Parsec expressions group represents the concept of Parser combinator.

They provide a way to combine basic parsers in order to construct more complex parsers for specific rules. In this context, a parser is a function that takes string as input and produces a structured output, that indicates successful parsing or provide an error message if the parsing process fails.

Parsec expressions are divided into two groups: parsers and combinators.

Parsers can be seen as the fundamental units or building blocks.

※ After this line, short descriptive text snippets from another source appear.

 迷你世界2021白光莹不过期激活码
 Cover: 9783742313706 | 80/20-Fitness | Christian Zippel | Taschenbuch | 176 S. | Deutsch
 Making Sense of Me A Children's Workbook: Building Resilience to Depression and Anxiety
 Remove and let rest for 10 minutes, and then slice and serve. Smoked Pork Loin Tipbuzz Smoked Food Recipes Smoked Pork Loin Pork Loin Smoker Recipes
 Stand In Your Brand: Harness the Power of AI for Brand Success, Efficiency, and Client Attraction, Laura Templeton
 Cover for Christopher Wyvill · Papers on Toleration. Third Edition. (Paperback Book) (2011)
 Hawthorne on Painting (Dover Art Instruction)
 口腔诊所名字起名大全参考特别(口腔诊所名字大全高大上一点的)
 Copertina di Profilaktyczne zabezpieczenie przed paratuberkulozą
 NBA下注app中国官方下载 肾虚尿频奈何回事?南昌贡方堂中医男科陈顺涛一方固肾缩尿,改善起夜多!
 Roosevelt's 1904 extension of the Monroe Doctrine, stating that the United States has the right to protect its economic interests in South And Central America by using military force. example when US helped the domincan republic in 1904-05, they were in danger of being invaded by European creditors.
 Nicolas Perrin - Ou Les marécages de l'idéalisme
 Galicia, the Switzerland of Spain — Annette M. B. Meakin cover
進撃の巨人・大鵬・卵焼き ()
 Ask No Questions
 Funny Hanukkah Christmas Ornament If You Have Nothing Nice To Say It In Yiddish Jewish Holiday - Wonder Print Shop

They are responsible for recognizing and processing specific patterns or elements within the input string.

Combinators, on the other hand, are operators or functions that allow the combination and composition of parsers.

Every expression starts with !PARSE. prefix.


!PARSE.DIGIT: Parse a single digit¤

Type: Parser.

Synopsis:

!PARSE.DIGIT

Example

Input string: 2

!PARSE.DIGIT

!PARSE.DIGITS: Parse a sequence of digits¤

Type: Parser.

Synopsis:

!PARSE.DIGITS
min: <...>
max: <...>
exactly: <...>
Fields min, max and exactly are optional.

Warning

Exactly field can't be used together with min or max fields. And of course max value can't be less than min value.

Example

Input string: 123

!PARSE.DIGITS
max: 4
More examples Parse as many digits as possible:
!PARSE.DIGITS
Parse exactly 3 digits:
!PARSE.DIGITS
exactly: 3
Parse at least 2 digits, but not more than 4:
!PARSE.DIGITS
min: 2
max: 4

!PARSE.LETTER: Parse a single letter¤

Latin letters from A to Z, both uppercase and lowercase.

Type: Parser.

Synopsis:

!PARSE.LETTER

Example

Input string: A

!PARSE.LETTER

!PARSE.CHAR: Parse a single character¤

Any type of character.

Type: Parser.

Synopsis:

!PARSE.CHAR

Example

Input string: @

!PARSE.CHAR

!PARSE.CHARS: Parse a sequence of characters¤

Type: Parser.

Synopsis:

!PARSE.CHARS
min: <...>
max: <...>
exactly: <...>
Fields min, max and exactly are optional.

Warning

Exactly field can't be used together with min or max fields. And of course max value can't be less than min value.

Example

Input string: name@123_

!PARSE.CHARS
max: 8

Tip

Use !PARSE.CHARS without fields to parse till the end of the string.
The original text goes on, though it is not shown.